Write your best story. Great advice, but the sentiment is vague.
What is your best story?
The market (both traditional and indie) is flooded right now by writers who believe they have written their greatest achievement until their next story gets put down on paper. Some authors have reached their goal. Others have not, and they are the ones creating a vast problem.
Many authors have no idea what their best story can be because they haven’t studied the craft of storytelling. Increasingly the level for excellence has been lowered while the availability for publication has increased.
Yes, this business is a subjective one. An editor looks at a story and decides it doesn’t have what it takes. Another reviews the same manuscript, and he feel it’s the author’s breakout novel. Independent writers, so proud of their prose that they believe it can rise above the millions of other published works, place it in the market. Some readers love it. Others hate it.
How in the world is an author supposed to craft their best story in such an industry where beauty is truly in the eyes of the beholder?
I used a key word in that leading question. Did you see it?

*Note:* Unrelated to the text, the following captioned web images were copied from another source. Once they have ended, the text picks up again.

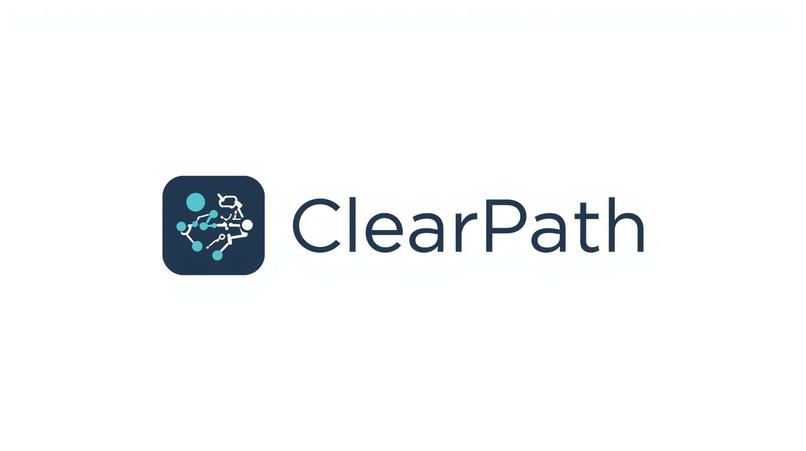ClearPath – screenshot 1
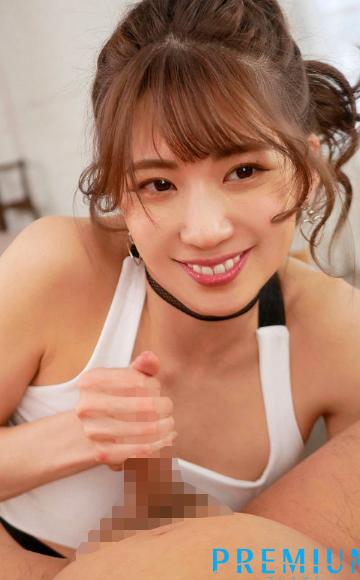 5周年記念作品 綺麗なお姉さんが導くいつもの射精を超えるメスイキの世界 精子がドピュドピュ絶頂ところてん＆女子みたいにビクビク痙攣ドライオーガズムに出会う 山岸逢花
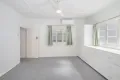 Property photo of 35 Archer Street Upper Mount Gravatt QLD 4122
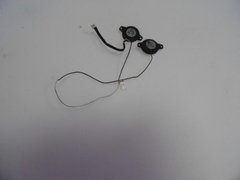 Par De Alto Falantes Caixa De Som P Sti 1422 13b140-x96000 - comprar online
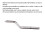 Durable Curved Sewing Needles - 2 Models Available for Versatile Use 6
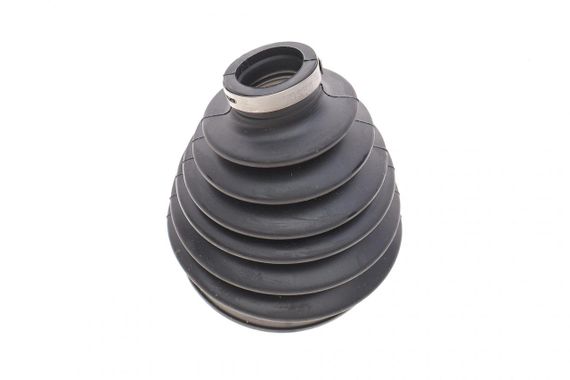 ШРКШ зовнішній Toyota Auris II 2.0 D 12-15 30z 26z 61mm 91mm 58.5mm  15-1976 | Зображення 2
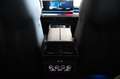 BMW M5 (G90) *A-LED*ACC*360°*LHZ*Ambiente*Memory*SHZ Rot - thumbnail 21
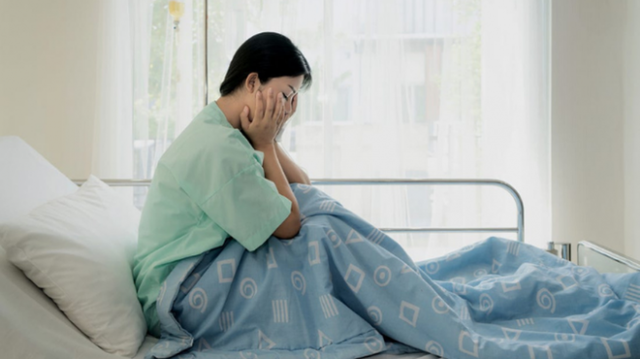 bai-viet/say-thai-va-thai-luu-co-giong-nhau-khong-58579.html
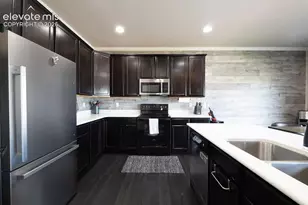 6790 Phantom Way, Colorado Springs, CO 80925 - Photo 13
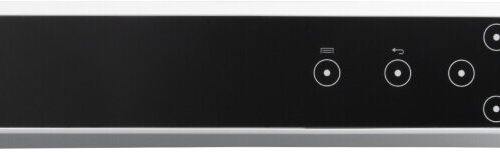 Rejestrator IP BCS-V-NVR3204-A-8K 32 kanałowy, 4 ...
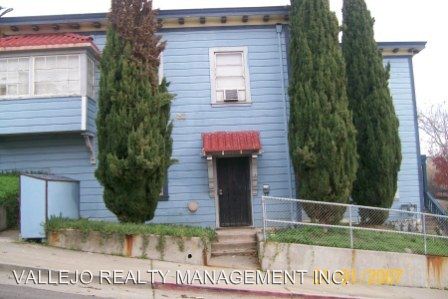 Primary Photo - 500 Branciforte St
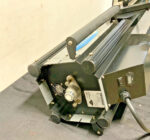 Strong Entertainment Lighting Radiance 850 FollowSpot Spot Light 8.5 Hours G1B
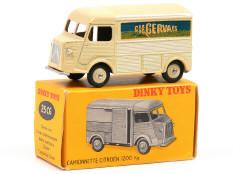 DINKY TOYS FRANCE (1)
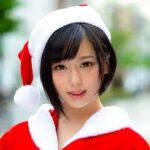 Thumbnail of related posts 183
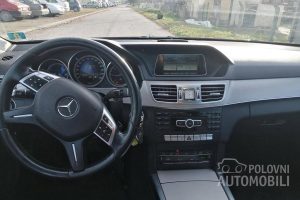 Mercedes-E200-CDI-2015-(2)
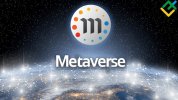 metaverse-preview_1000x545-1.jpg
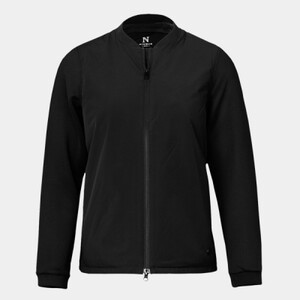 Women’s Westlake – performance hybrid jacket Thumbnail
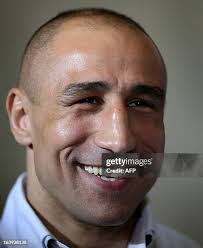 144 Armenian German Arthur Abraham Stock Photos, High-Res Pictures, and  Images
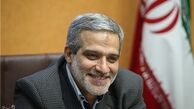نظام سلطه همواره در برابر جبهه رسانه‌ای انقلاب و مقاومت مغلوب است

Right in the middle is the word craft.
Craft is vital to storytelling. Putting a story onto paper is only the beginning. The first draft, maybe even the second draft of a story does not mean it is a finished work of art. Much like a sculptor, the author needs to chisel away words, scenes, entire chapters. In the same way a painter does, an author needs to color the prose with conflict, emotion, and vibrant pictures. These are aided by voice, by grammar, by the proper (and sometimes improper) placement of punctuation, and by style.
I’m afraid that in today’s world of publishing (in both traditional and indie), crap instead of craft is the key word. Individuals who long to be authors aren’t satisfied with rejection, even when the rejections are specific enough to help a writer begin to craft a story into a masterpiece. They do not want to take the time it takes to learn how to craft a story. They lean upon the “subjective” nature of the work. “Well, not everyone is going to like it.”
Couple the authors inattention to craft with editors (both in-house and freelance) who haven’t studied the craft of storytelling, the art of punctuation, and the refinement of grammar, and the industry has a very big problem. Horrible novels are flooding the marketplace, tainting the industry—especially the Christian publishing industry, which has had to fight this stigma from the beginning.
The beginning of the solution lies in self-editing. To do so, though, an author must learn the craft of storytelling, the art of punctuation, the refinement of grammar and using it to tell the best story ever. He or she must also learn to discern good advice from bad, to lay aside his or her bias toward a manuscript and begin to realize whose subjectivity is the best to lean upon.